-- WHAT THE TASK REQUIRES --
Write out exactly the lines from the one containing "1021 Longridge Rd, Oakland, CA 94610" through the last line of the records below, both included, and leave out any pictures.
── RECORDS FOR PROCESSING
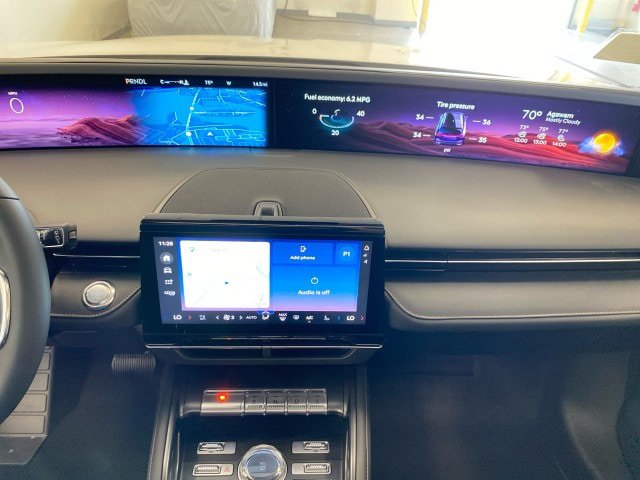 New 2026 Lincoln Nautilus Reserve AWD/4WD image 21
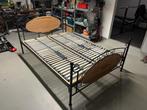 Bed metalen frame met riet 200 x 140 cm, Huis en Inrichting, Slaapkamer | Bedden, Gebruikt, 140 cm, Metaal, Zwart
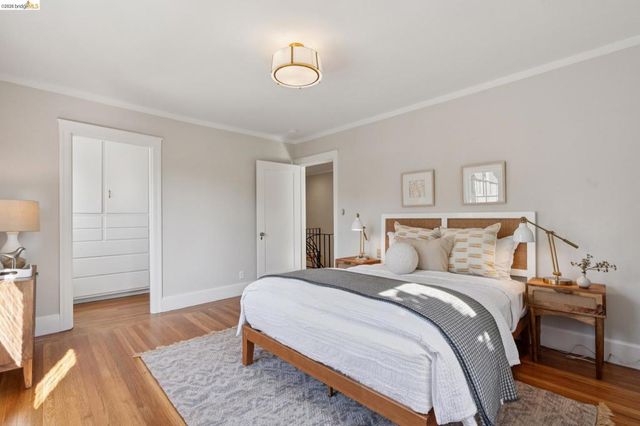 1021 Longridge Rd, Oakland, CA 94610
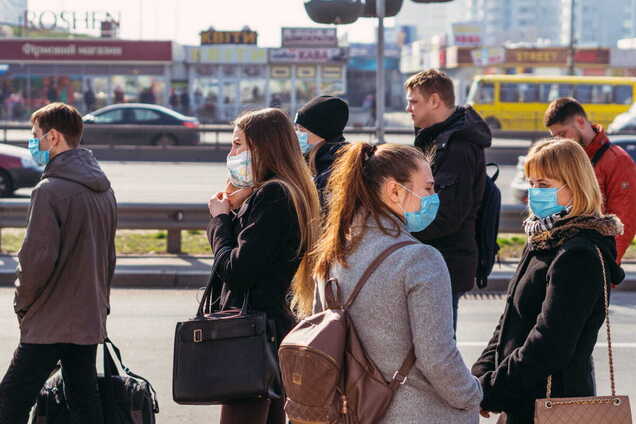 Люди в масках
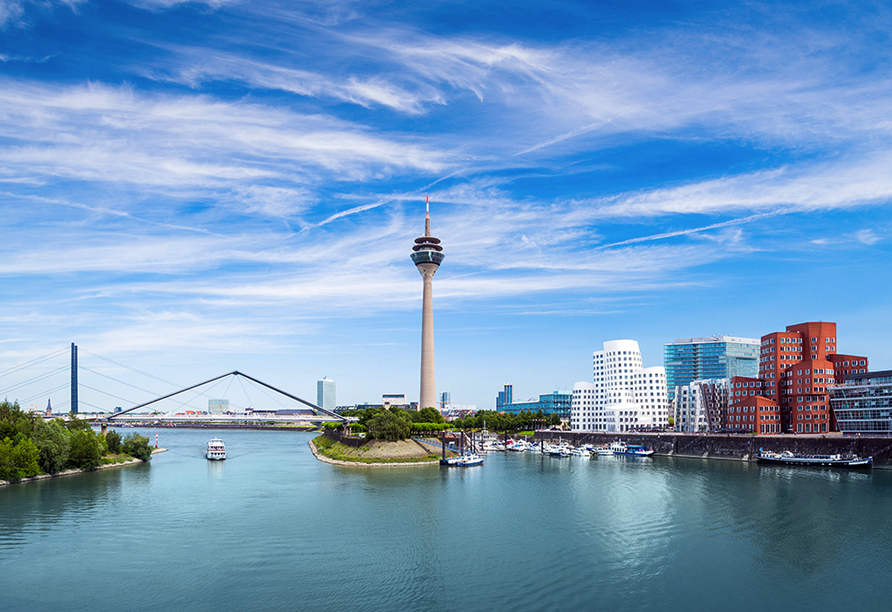 Von Ihrem Urlaubshotel aus sollten Sie sich einen Ausflug nach Düsseldorf nicht entgehen lassen. 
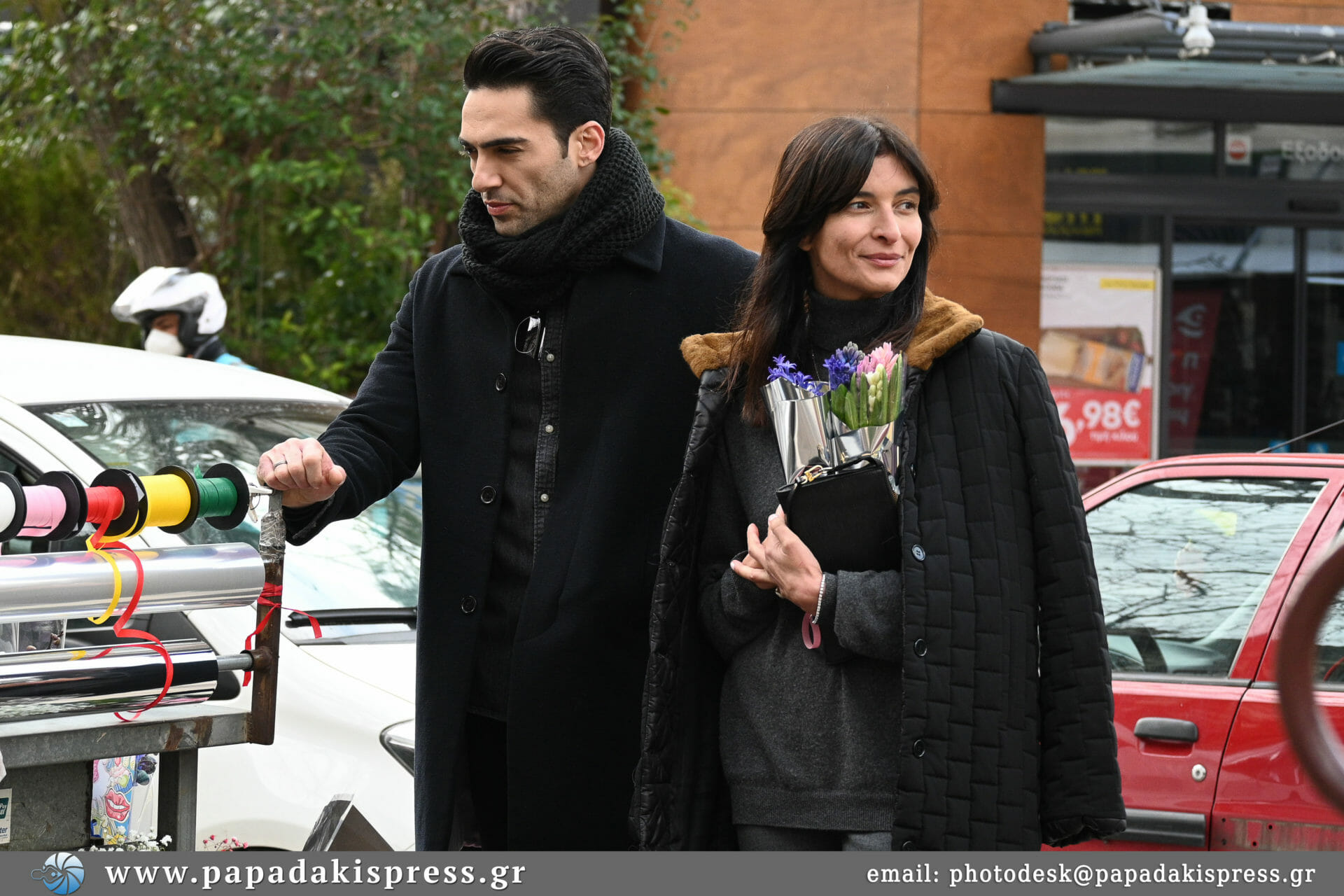 Η Γη της Ελιάς: Φωτογραφίες του Κουράκου με την Ιουλία στην Κηφισιά!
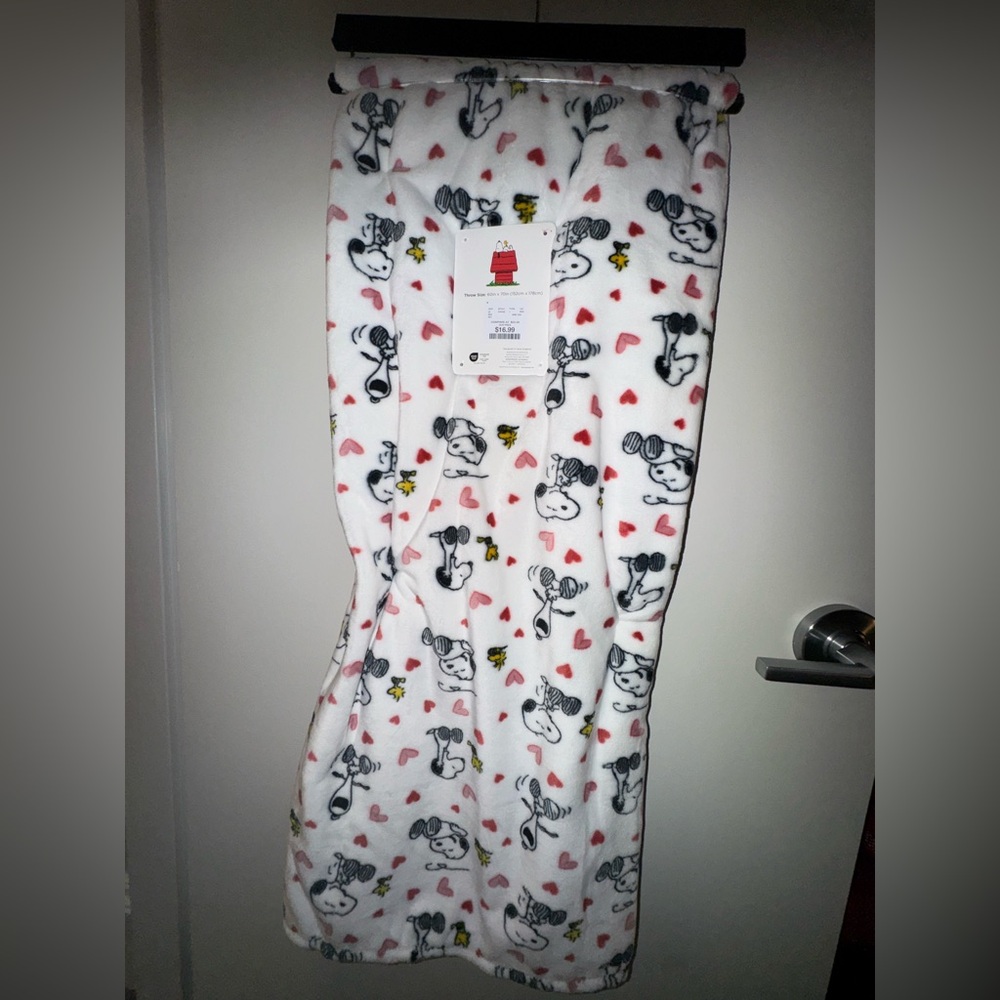 Snoopy V-Day Blanket - Picture 3 of 3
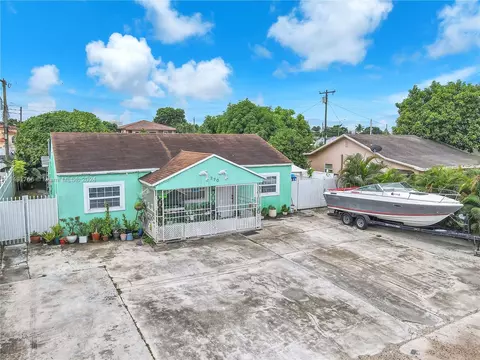 770 SE 4th Pl, Hialeah, FL 33010 photo 2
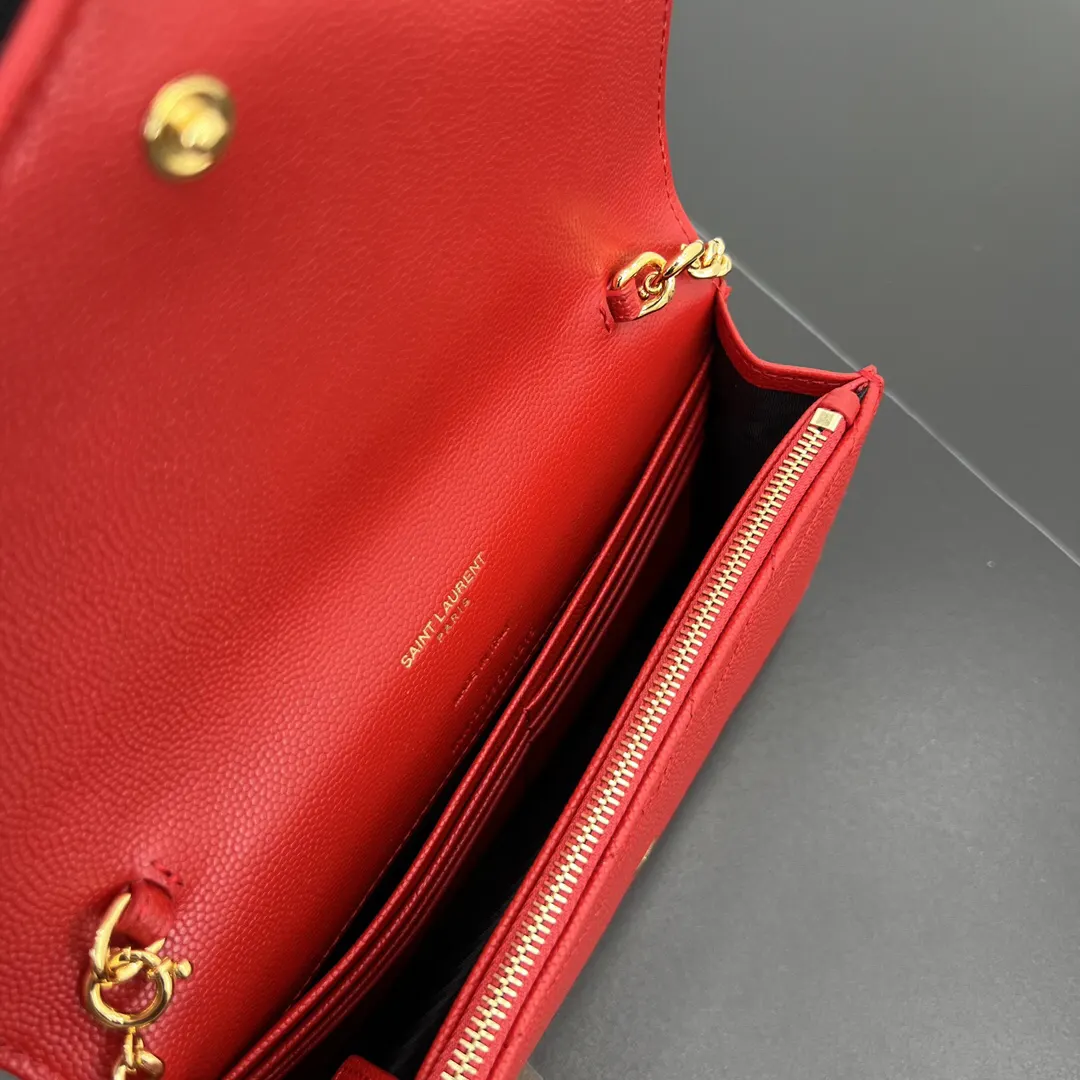 Gold Chain Bag Leather Image 9 Gold Chain Bag Leather Image 9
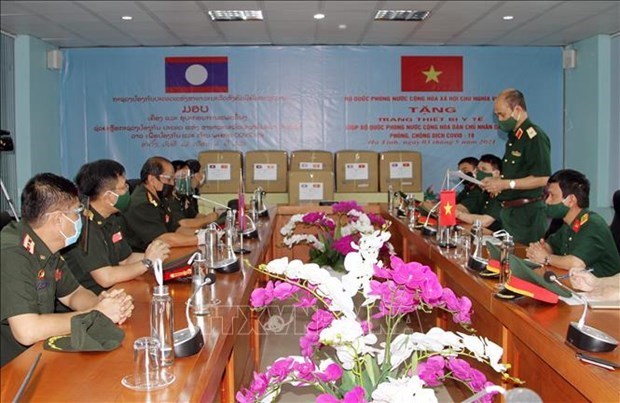 Лаос получил медикаменты от министерства обороны Вьетнама hinh anh 1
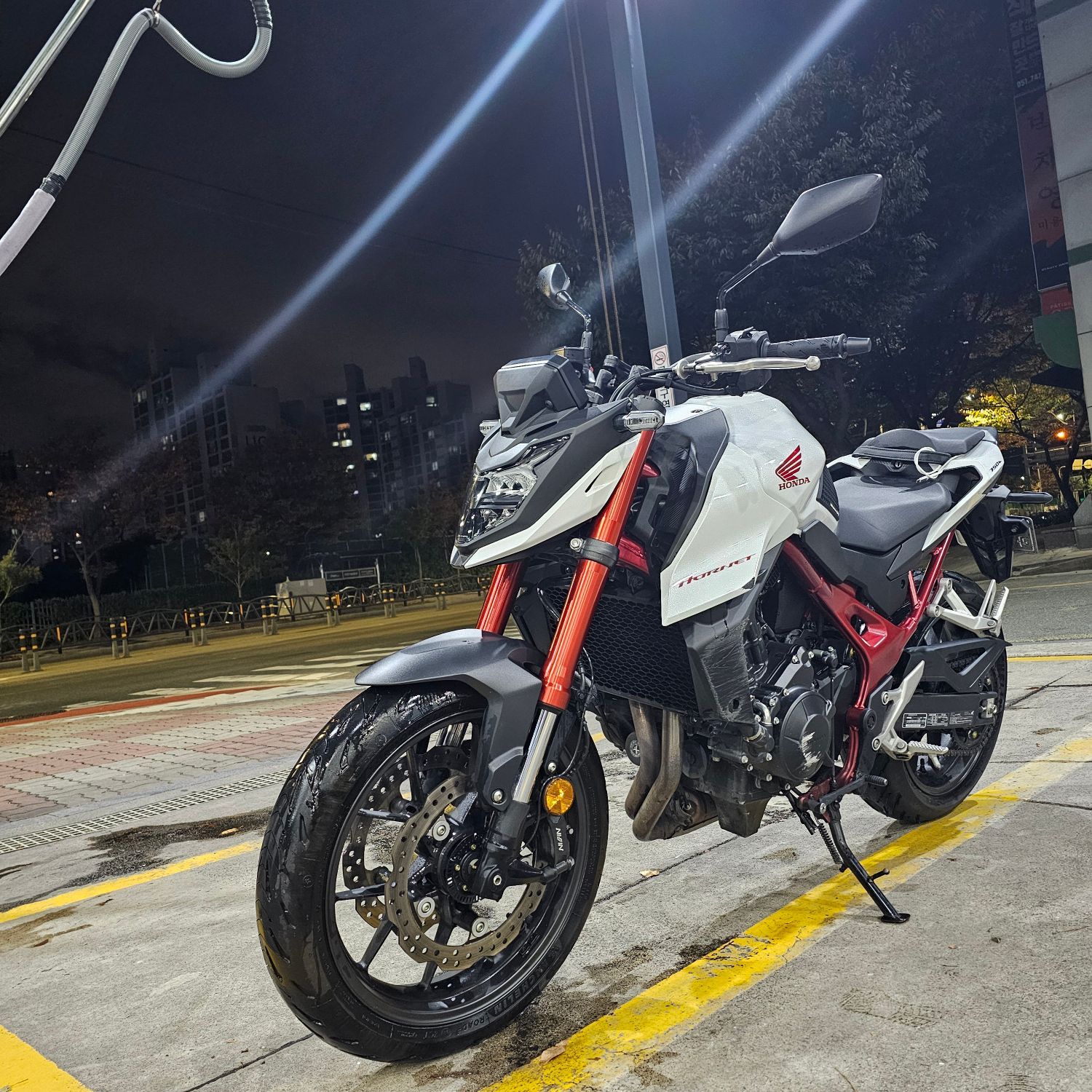 혼다 CB750 HORNET thumb 2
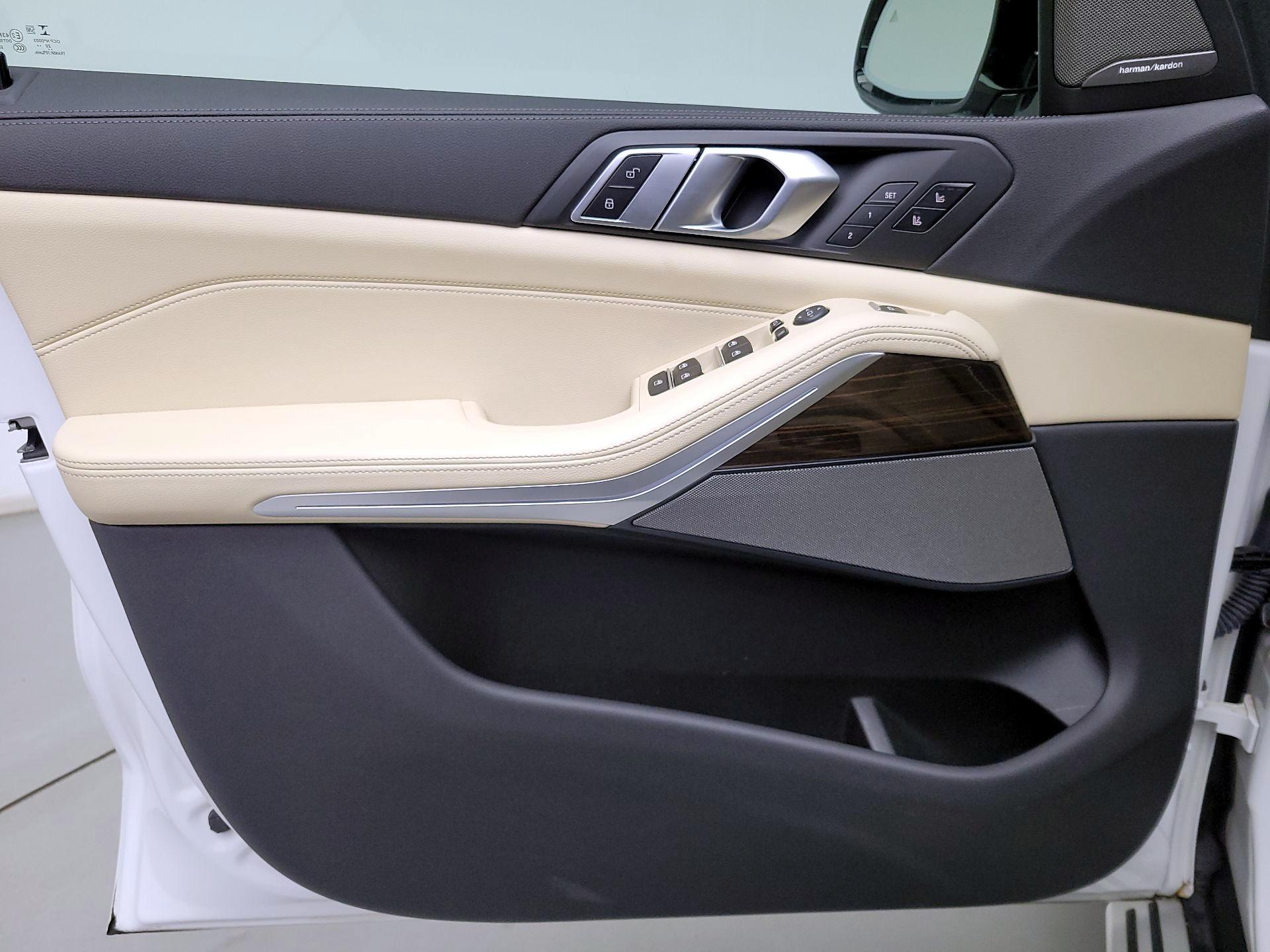 Thumbnail: 2021 BMW X5 - 12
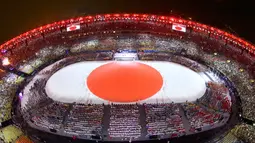 Atraksi konfigurasi bendera Jepang pada upacara penutupan Olimpiade Rio 2016 di Stadion Maracana, Rio de Janeiro, Minggu (21/8). Olimpiade 2016 resmi berakhir, Amerika Serikat keluar sebagai juara umum dengan jumlah 121 medali. (REUTERS/Pawel Kopczynski)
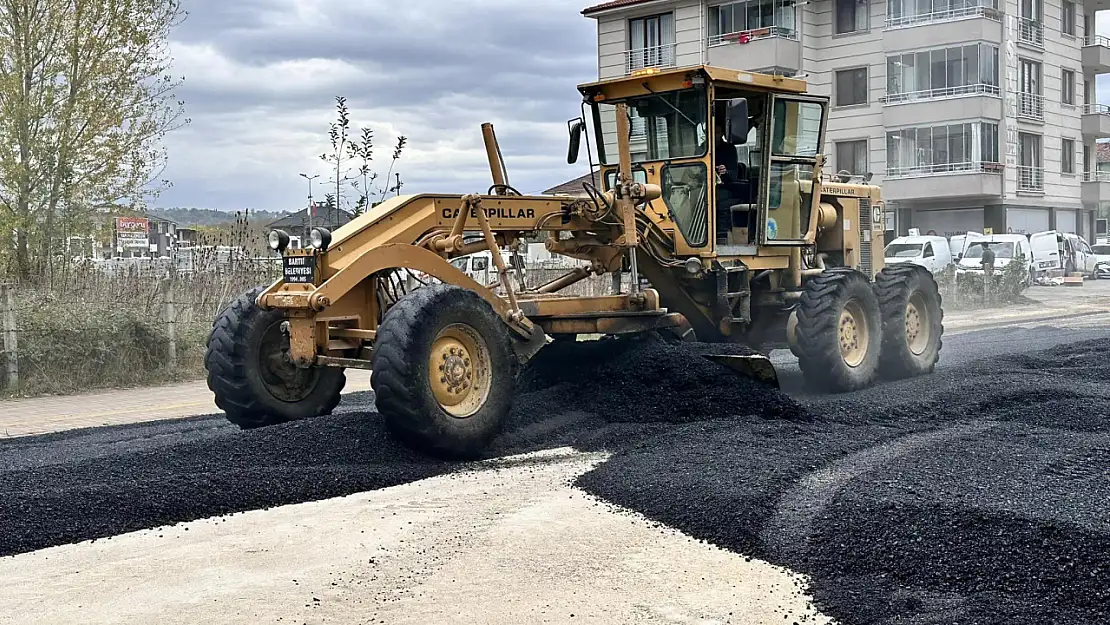 Yol yenileme çalışmaları devam ediyor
────
-- REPLY --
 1021 Longridge Rd, Oakland, CA 94610
 Люди в масках
 Von Ihrem Urlaubshotel aus sollten Sie sich einen Ausflug nach Düsseldorf nicht entgehen lassen. 
 Η Γη της Ελιάς: Φωτογραφίες του Κουράκου με την Ιουλία στην Κηφισιά!
 Snoopy V-Day Blanket - Picture 3 of 3
 770 SE 4th Pl, Hialeah, FL 33010 photo 2
 Gold Chain Bag Leather Image 9 Gold Chain Bag Leather Image 9
 Лаос получил медикаменты от министерства обороны Вьетнама hinh anh 1
 혼다 CB750 HORNET thumb 2
 Thumbnail: 2021 BMW X5 - 12
 Atraksi konfigurasi bendera Jepang pada upacara penutupan Olimpiade Rio 2016 di Stadion Maracana, Rio de Janeiro, Minggu (21/8). Olimpiade 2016 resmi berakhir, Amerika Serikat keluar sebagai juara umum dengan jumlah 121 medali. (REUTERS/Pawel Kopczynski)
 Yol yenileme çalışmaları devam ediyor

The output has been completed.